● Available data:
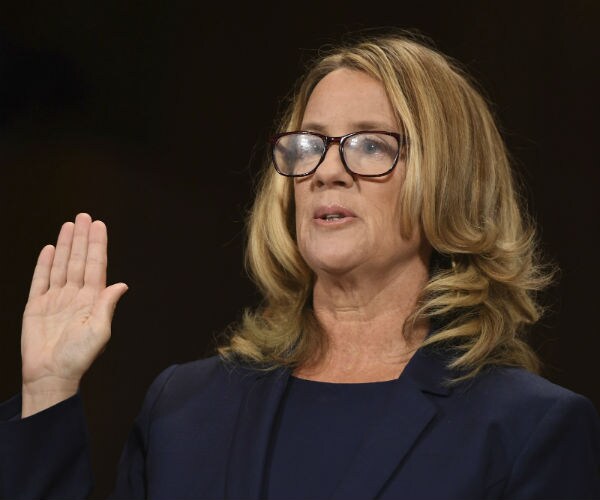 christine blasey ford is sworn in before testifying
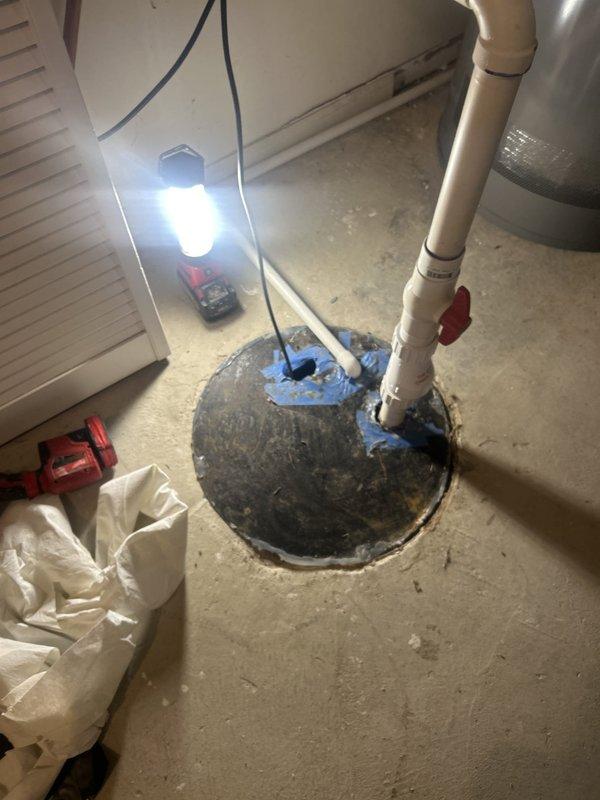 Responded to service call for sump pump running continuously in basement utility area. Upon inspection, found existing sump pump system with PVC discharge piping and check valve assembly. Assessed pump operation and basin conditions using work light to examine interior components. Identified pump cycling issues causing continuous runtime. Evaluated discharge pipe configuration, check valve functionality, and float switch operation. Inspected electrical connections and pump motor performance. Documented existing installation showing vertical PVC discharge assembly with elbow joint, concrete basin seal, and associated plumbing components for customer records and replacement recommendations.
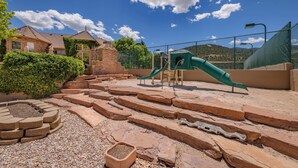 A playground with a slide, steps, and a fenced area. - Cottage #1: Italian Resort-Style Villa - 1.4 Acres w/ Pickleball,  In-ground Spa (Parowan)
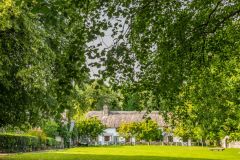 Thatched cottages ring the village green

● Work order:
Retype the lines above exactly, no pictures.

● Written solution:
 christine blasey ford is sworn in before testifying
 Responded to service call for sump pump running continuously in basement utility area. Upon inspection, found existing sump pump system with PVC discharge piping and check valve assembly. Assessed pump operation and basin conditions using work light to examine interior components. Identified pump cycling issues causing continuous runtime. Evaluated discharge pipe configuration, check valve functionality, and float switch operation. Inspected electrical connections and pump motor performance. Documented existing installation showing vertical PVC discharge assembly with elbow joint, concrete basin seal, and associated plumbing components for customer records and replacement recommendations.
 A playground with a slide, steps, and a fenced area. - Cottage #1: Italian Resort-Style Villa - 1.4 Acres w/ Pickleball,  In-ground Spa (Parowan)
 Thatched cottages ring the village green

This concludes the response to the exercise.